◆ **Assignment**
Respond with nothing but the number of lines in this data that include the word "while".

(Data entries)

>>>

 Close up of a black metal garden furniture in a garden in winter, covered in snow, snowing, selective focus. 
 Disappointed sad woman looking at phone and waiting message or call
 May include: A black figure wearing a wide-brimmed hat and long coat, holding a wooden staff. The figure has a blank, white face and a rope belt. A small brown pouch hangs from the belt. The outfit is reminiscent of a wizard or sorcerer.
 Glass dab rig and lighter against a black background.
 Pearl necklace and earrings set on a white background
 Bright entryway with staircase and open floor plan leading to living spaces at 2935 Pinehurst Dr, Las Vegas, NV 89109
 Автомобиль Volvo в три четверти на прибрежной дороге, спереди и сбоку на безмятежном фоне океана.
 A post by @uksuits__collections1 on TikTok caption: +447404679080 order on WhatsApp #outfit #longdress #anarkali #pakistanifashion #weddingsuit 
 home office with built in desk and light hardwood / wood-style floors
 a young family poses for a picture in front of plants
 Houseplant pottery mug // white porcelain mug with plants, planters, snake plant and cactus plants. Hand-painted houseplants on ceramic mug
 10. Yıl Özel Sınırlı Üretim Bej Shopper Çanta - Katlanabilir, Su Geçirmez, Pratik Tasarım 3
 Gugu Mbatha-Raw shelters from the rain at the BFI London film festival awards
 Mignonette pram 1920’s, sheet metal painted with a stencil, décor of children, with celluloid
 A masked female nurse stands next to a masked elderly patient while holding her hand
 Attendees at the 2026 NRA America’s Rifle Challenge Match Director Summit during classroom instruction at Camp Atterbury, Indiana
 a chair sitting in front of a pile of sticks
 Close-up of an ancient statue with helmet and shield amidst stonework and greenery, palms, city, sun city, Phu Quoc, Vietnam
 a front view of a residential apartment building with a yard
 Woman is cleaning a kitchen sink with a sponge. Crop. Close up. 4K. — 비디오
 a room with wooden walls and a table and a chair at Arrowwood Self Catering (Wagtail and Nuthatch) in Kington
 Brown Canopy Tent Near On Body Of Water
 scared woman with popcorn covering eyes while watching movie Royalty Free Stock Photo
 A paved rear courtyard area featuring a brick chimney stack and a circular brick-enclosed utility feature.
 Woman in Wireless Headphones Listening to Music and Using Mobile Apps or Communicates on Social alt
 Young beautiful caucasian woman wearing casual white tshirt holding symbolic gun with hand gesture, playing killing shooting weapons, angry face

<<<

◆ **Solution for this problem**
2